New
Zealand has quietly been working on its internet filter, due for launch
by the end of next month.
The Department of Internal Affairs (DIA) began work on the filter
in response to community expectations that the government and the
internet service providers (ISPs) should do more to provide a safe
internet environment, New Zealand's DIA said in a statement.
Branded the Digital Child Exploitation Filtering System, the filter
uses White Box software from Netclean of Sweden. According to New
Zealand's National Business Review, it cost DIA NZ$150,000, which then
further customised it.
It has been trialled for two years and features a blacklist of more
than 7000 child pornography websites, which, like Australia's list, will
remain private, because the department believed displaying a list would
make a directory for offenders to use, the DIA said in its
statement.
The system operates by populating the routing tables of a
participating ISP so that a request for the [internet protocol] IP
address of a website containing child sexual abuse images results in a
first 'hop' to the Department's server, it said.
If there is a match to the particular web page that is being
blocked then the requester is presented with a blocking page
stating that access to the requested page is illegal. If there is no
match, then the requester is permitted through to the internet.
The Department's system preserves the anonymity of any person that is
blocked by not keeping a record of their IP address. Users who believe
they have been prevented from accessing legitimate content may fill in
an anonymous request that a site on the filtering list be checked.

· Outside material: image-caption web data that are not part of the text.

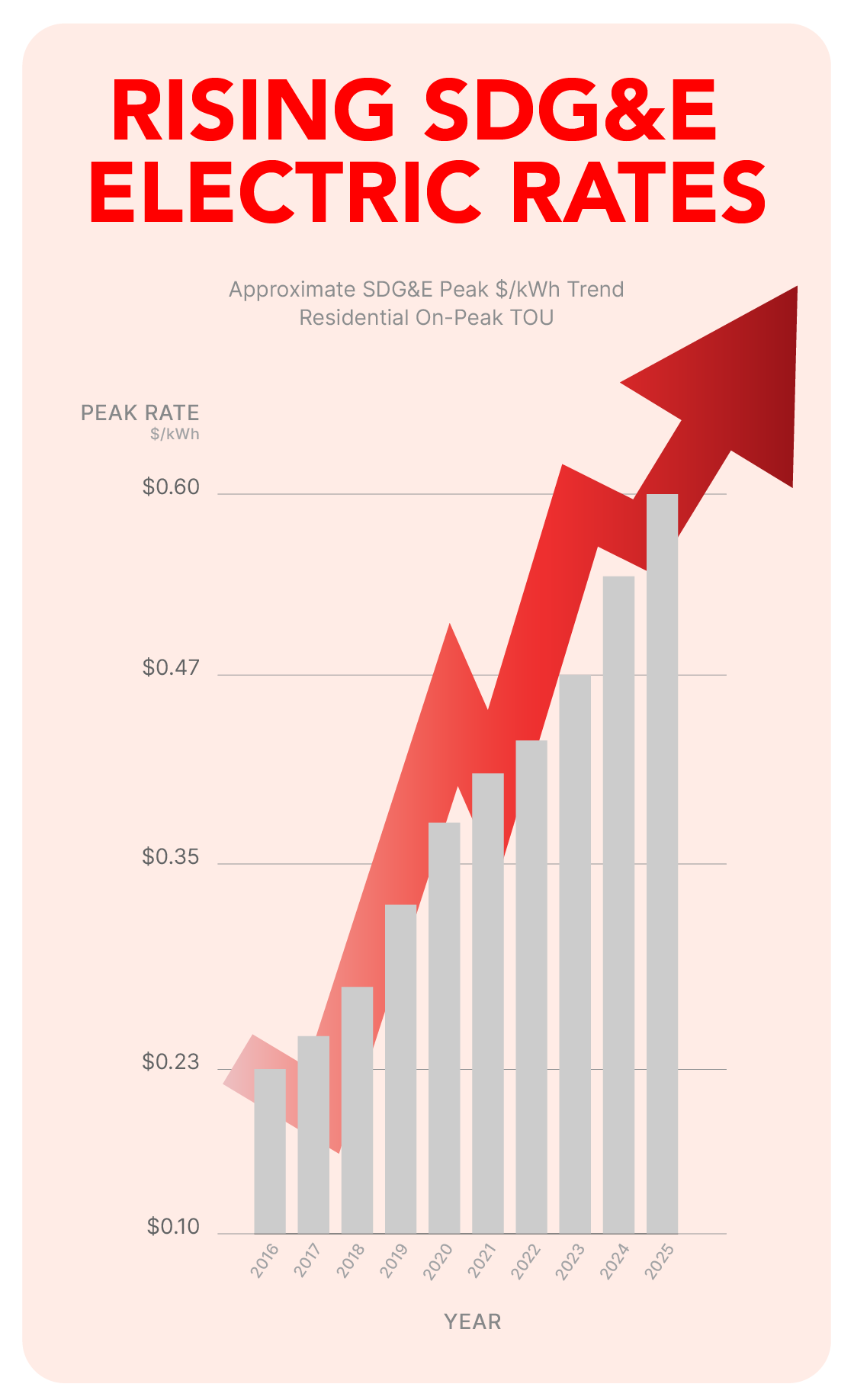 Rising SDG&E Electric Rates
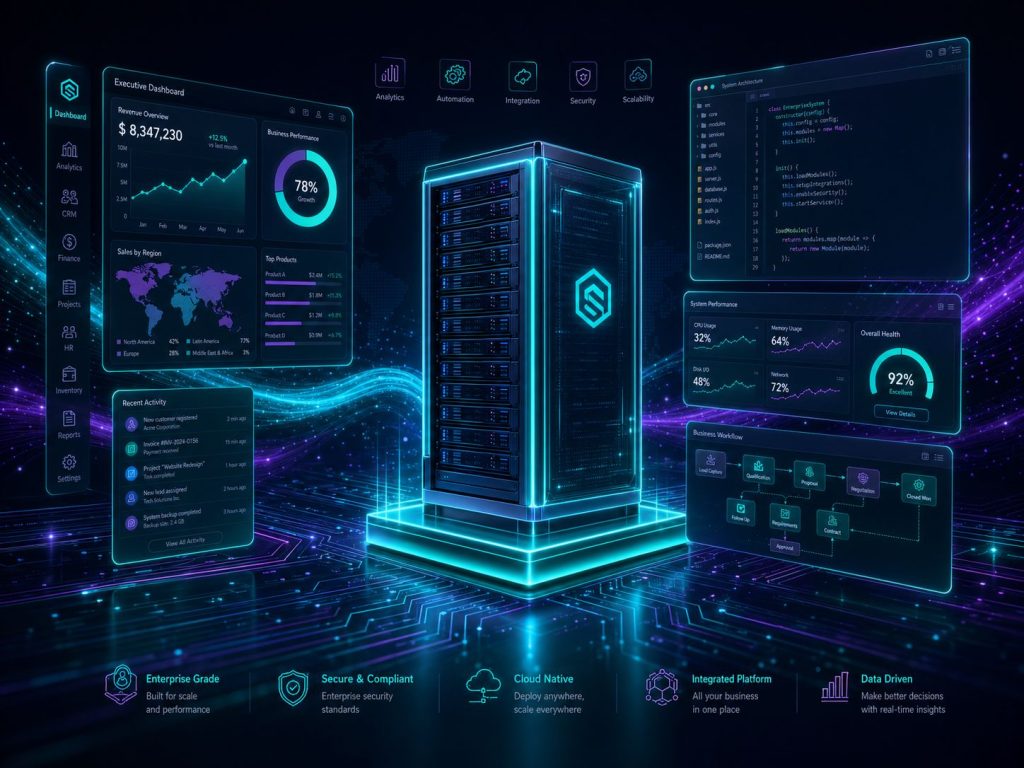 programvare-bedrift-avansert-code-Norge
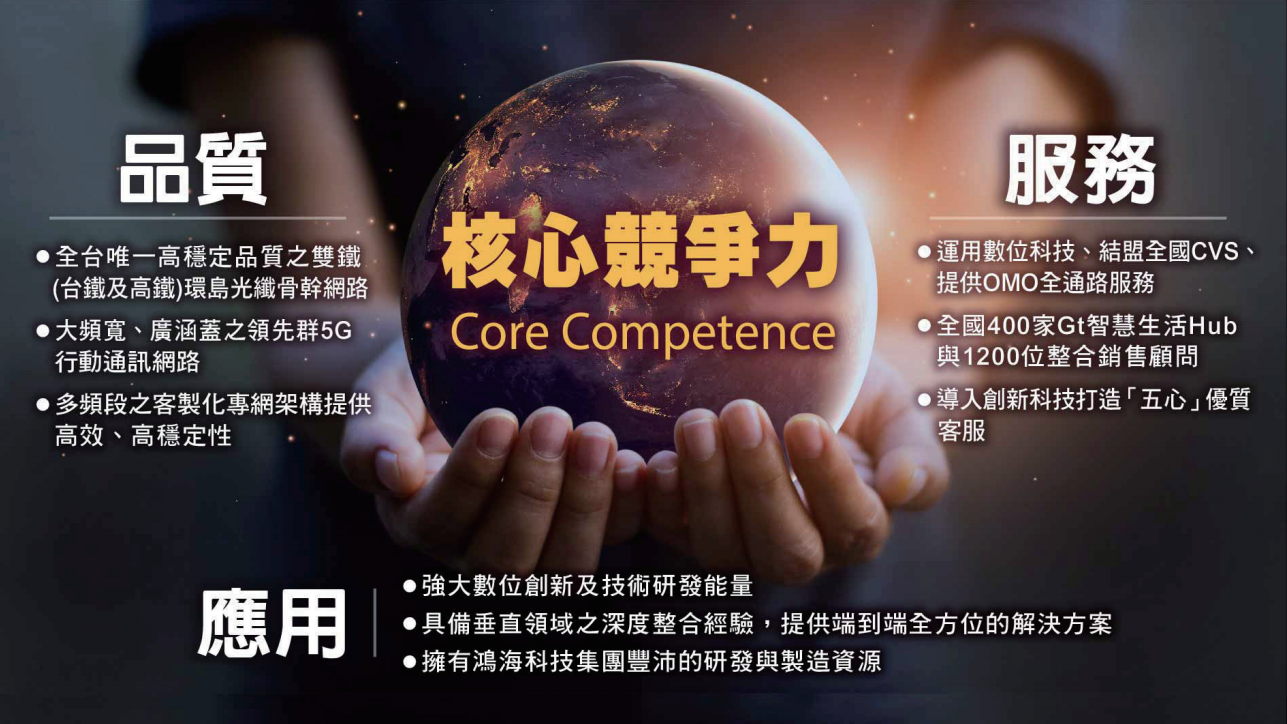 2020經營理念三道072324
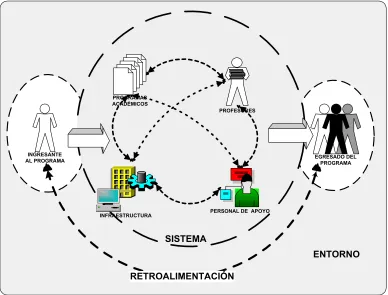 Fig. IV.1 Modelo sistémico del programa de posgrado propuesto. (Martínez, 2006) 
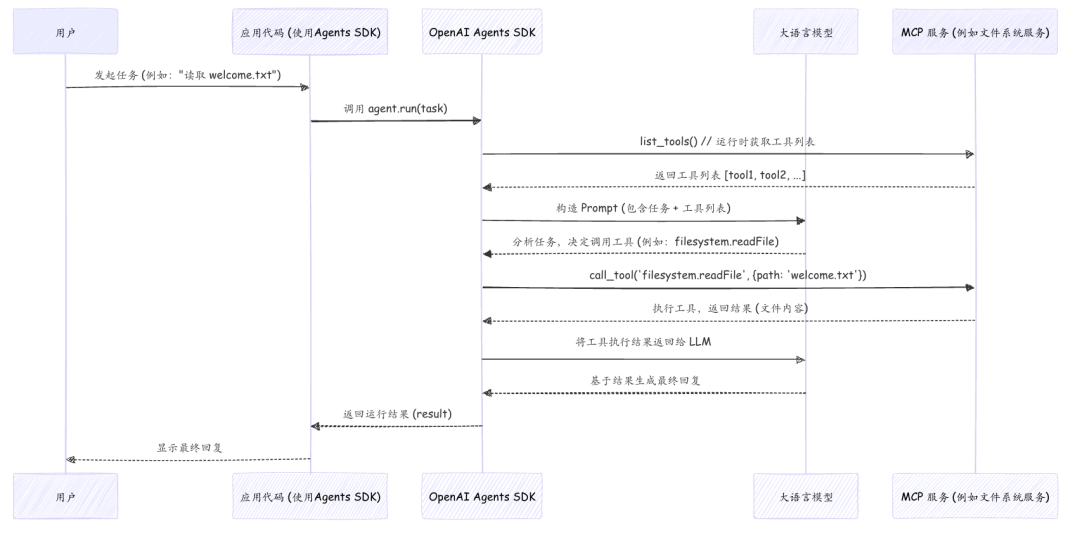 null 给你的 AI Agent 装个“万能插座”?聊聊 OpenAI Agents SDK 里的 MCP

Furthermore, the system will be overseen by an Independent Reference
Group, nominated by the DIA, made up of representatives from enforcement
agencies, the Office of Film and Literature Classification, child
welfare groups, ISPs and internet users.
The New Zealand system will be voluntary for ISPs and aims to be
milder than the Australian one, by just focussing on child porn instead
of refused classification sites which also include subjects such
as fetishes and terrorism.
This could be why the NZ filter has not been greeted with the same
level of outrage that Australia's has been, though opposition to it has
surfaced, from groups who fear it could extend to other objectionable
areas and become compulsory like Australia's planned filter. They also
have voiced concerns about the fact that unlike the Australian filter
plan, which has come under much public scrutiny, the New Zealand
equivalent has bypassed parliamentary procedures such as Bills, white
papers and select committee processes.